Outras podem nascer do encontro com um grupo, uma instituição, um espaço cultural ou um território específico. Porque uma experiência não precisa apenas ser levada para algum lugar. Ela também pode ser criada a partir daquele lugar.
Experiências abertas
Ao longo do ano, o CMTS realiza oficinas, laboratórios, vivências, caminhadas e encontros abertos à participação.
São oportunidades para aproximar-se das propostas do Centro sem que seja necessário estar em acompanhamento clínico ou possuir qualquer experiência musical ou artística anterior. Cada encontro possui sua própria duração, formato, número de participantes e campo de investigação.
Experiências para grupos
Uma experiência também pode ser desenvolvida para um grupo específico. Crianças, pessoas jovens, adultas, idosas, famílias, cuidadores, educadores, equipes de trabalho, comunidades e grupos constituídos em diferentes contextos.
A proposta pode partir de questões como escuta, criatividade, musicalidade, memória, relações, corpo, envelhecimento, presença, saúde e desenvolvimento humano.
Mais do que adaptar uma atividade pronta para diferentes públicos, buscamos compreender quem são as pessoas que participarão e que experiência pode fazer sentido naquele contexto.
Experiências em instituições
Espaços culturais, instituições de saúde, organizações sociais, equipamentos voltados ao envelhecimento, espaços educativos, empresas e outros contextos podem receber ou construir experiências em parceria com o CMTS.
Uma caminhada de escuta pode investigar as relações com determinado território. Uma experiência de Autobiografia Sonora pode trabalhar memória e histórias de vida com pessoas idosas. Paisagens de Si pode transformar-se em um percurso de vários encontros.

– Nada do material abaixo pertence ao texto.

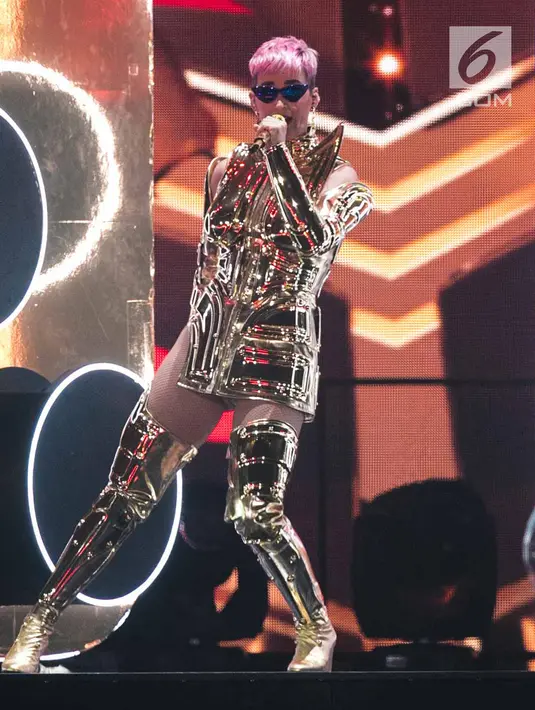 Penyanyi Katy Perry saat membawakan lagu pada konsernya bertajuk Witness: The Tour di ICE BSD, Tangerang Selatan, Sabtu (14/4). Pada lagu pembuka Katy kenakan kostum berwarna emas dan kacamata hitam. (Liputan6.com/Faizal Fanani)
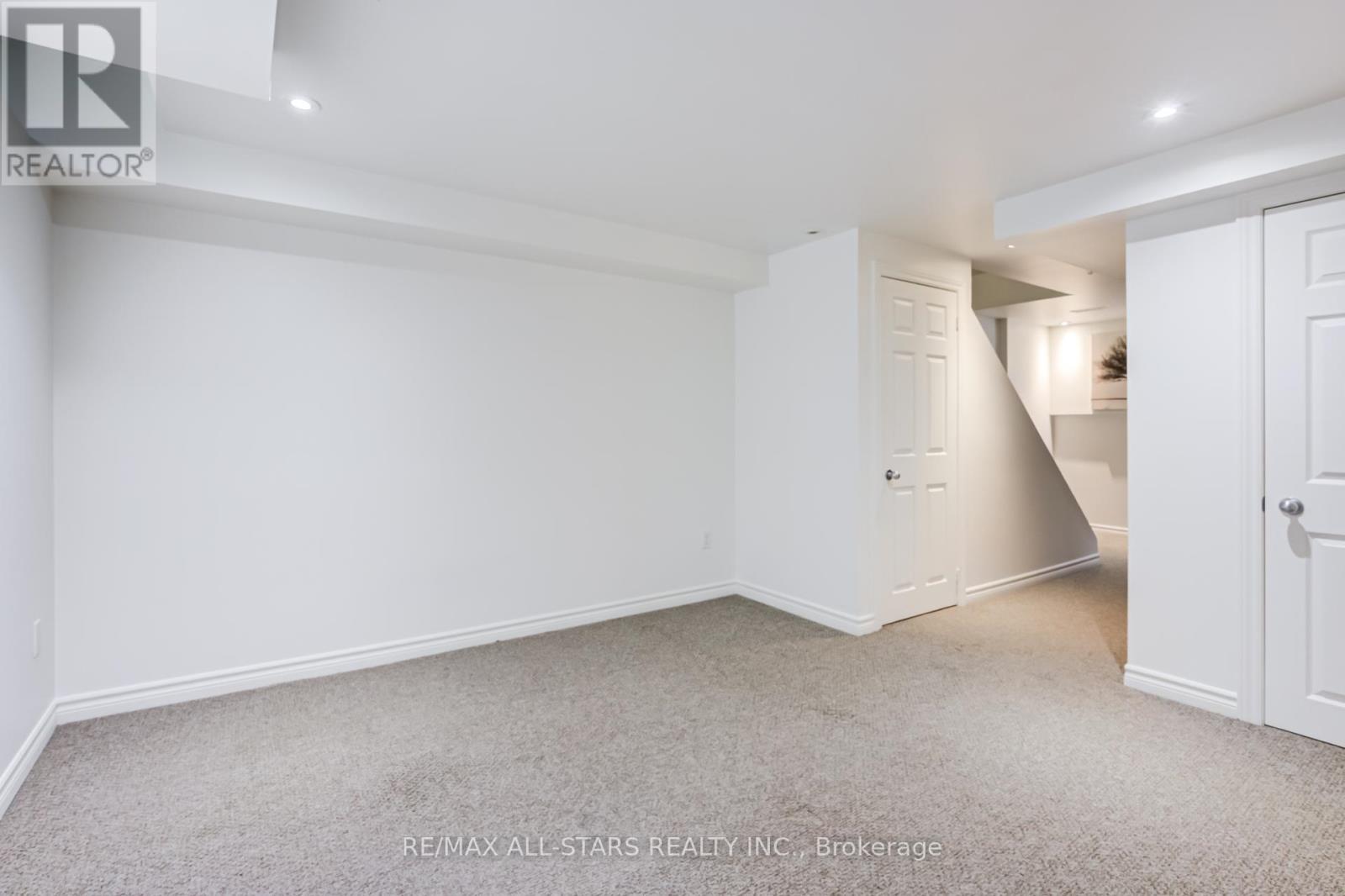 51 Playfair Road, Whitby, Ontario  L1N 9S6 - Photo 38 - E13216052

Um Laboratório de Escuta e Criatividade pode ser desenvolvido para uma equipe ou comunidade. Cada proposta pode assumir diferentes configurações de acordo com o espaço, o tempo disponível, o número de participantes e as questões que mobilizam aquele contexto.
Experiências situadas
Chamamos atenção para uma dimensão especialmente importante desse trabalho: o contexto também participa da experiência. Uma mesma proposta não acontece da mesma maneira em um museu, em um parque, em um espaço de saúde, em uma instituição para pessoas idosas ou em uma praça.
Cada lugar possui seus ritmos, histórias, sons, relações e modos de ser habitado. Por isso, podemos criar experiências que dialoguem diretamente com os territórios onde acontecem — escutando suas características e permitindo que o próprio espaço participe daquilo que será vivido.
Há coisas que só podemos descobrir experimentando
Podemos falar sobre escuta. Podemos pensar sobre criatividade. Podemos estudar a música, o corpo, a presença, a relação e as diferentes maneiras pelas quais percebemos o mundo. Mas há uma dimensão da experiência que só se torna conhecida quando nos permitimos atravessá-la.
Quando caminhamos. Quando escutamos. Quando produzimos um som. Quando encontramos outra pessoa.
Quando improvisamos sem saber exatamente o que acontecerá depois. Quando percebemos alguma coisa que sempre esteve ali — mas que, até aquele momento, ainda não havíamos percebido.
Talvez seja justamente isso que uma experiência possa abrir: a possibilidade de perceber algo que antes não fazia parte do nosso Repertório de Sensibilidades. Não necessariamente para chegar a algum lugar. Não necessariamente para produzir alguma coisa. Mas para ampliar as maneiras pelas quais podemos escutar, perceber, criar, relacionar-nos e participar daquilo que nos acontece. Porque algumas descobertas não começam com uma resposta. Começam quando encontramos condições para experimentar. O que ainda podemos descobrir?